You need to have a way for the user to indicate when he is done entering data.

Until that happens, take the latest input line and save it. Start with an empty String and append each line of entered text until the user indicates with some pre-determined set of characters that he is done.

Generally you should not try to enter entire pieces of text from command line. However, if you want to read such a large piece of text then you can use a BufferedReader and simply read until the end of the stream. The end of the stream is reached when EOF is encountered. On many systems an EOF can be generated by hitting Control-D (but you might want to indicate that to a user).

Big advantage of using such a generic method is that you can also use various OS provided utilities to pipe a file into your application.
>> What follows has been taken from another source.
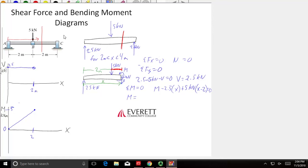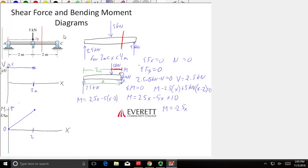Solving for M: M equals 2.5x minus 5 times (x minus 2), then distributing the 5 gives M equals 2.5x minus 5x plus 10. So my moment is now equal to negative 2.5x plus 10 kilonewton meters. That's my new moment equation, and V equals negative 2.5 is my new shear.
A disadvantage is that it is not a good idea to mix this with a Scanner ; obviously the scanner is useless after the EOF, and using it before the text will likely mean that the scanner retrieves part of the text. Closing the scanner will also close the input stream it is connected to. A scanner often has to look ahead to see where a token ends, and it may have to read into the text to be able to do so.

StringBuilder sb = new StringBuilder();

try (BufferedReader reader = new BufferedReader(new InputStreamReader(System.in))) {
    CharBuffer buffer = CharBuffer.allocate(1024);

    while (reader.read(buffer) != -1) {
        buffer.flip();
        sb.append(buffer);
        buffer.clear();
    }
}
System.out.printf("Read %d characters", sb.length());

I've not provided a character encoding. For such applications the platform character encoding should do just fine.

import java.util.*;

public class ReWrite {
    public static void main(String[] args){

        Scanner scanner = new Scanner(System.in);

        System.out.println("Please paste the essay to be re-written >> ");

        String originalEssay = "";

        System.out.println();

        while(scanner.hasNextLine()){
             originalEssay += scanner.nextLine();
             originalEssay += "\n";
        }

        System.out.println(originalEssay);
        System.out.println("I hope that was your essay...");
    }
}

You need the above program. You need to make sure that you're checking if there are any other "lines" in the input. You do this by using hasWhileNext(). Hope this helps!

You need some way to know the user is done with their input. I made a small example with THE-END as marker (yeah, original isn't it?)

import java.util.Scanner;

public class DocReader {
    public static void main(String[] args) {
        Scanner scanner = new Scanner(System.in);
        StringBuilder strBuilder = new StringBuilder();

        while (scanner.hasNextLine()) {
            String line = scanner.nextLine();
            if (!line.equals("THE-END")) {
                strBuilder.append(line + System.lineSeparator());
            } else {
                break;
            }
        }
        System.out.println(strBuilder.toString());
        scanner.close();
    }
}

This adds an extra line separator at the end, easy to solve that if needed. It would be probably better to use multiple breaks as an end marker (some text based protocols do that), eg the user press enter 3 times. That would mean they cannot have two empty lines, so pretty use case dependent.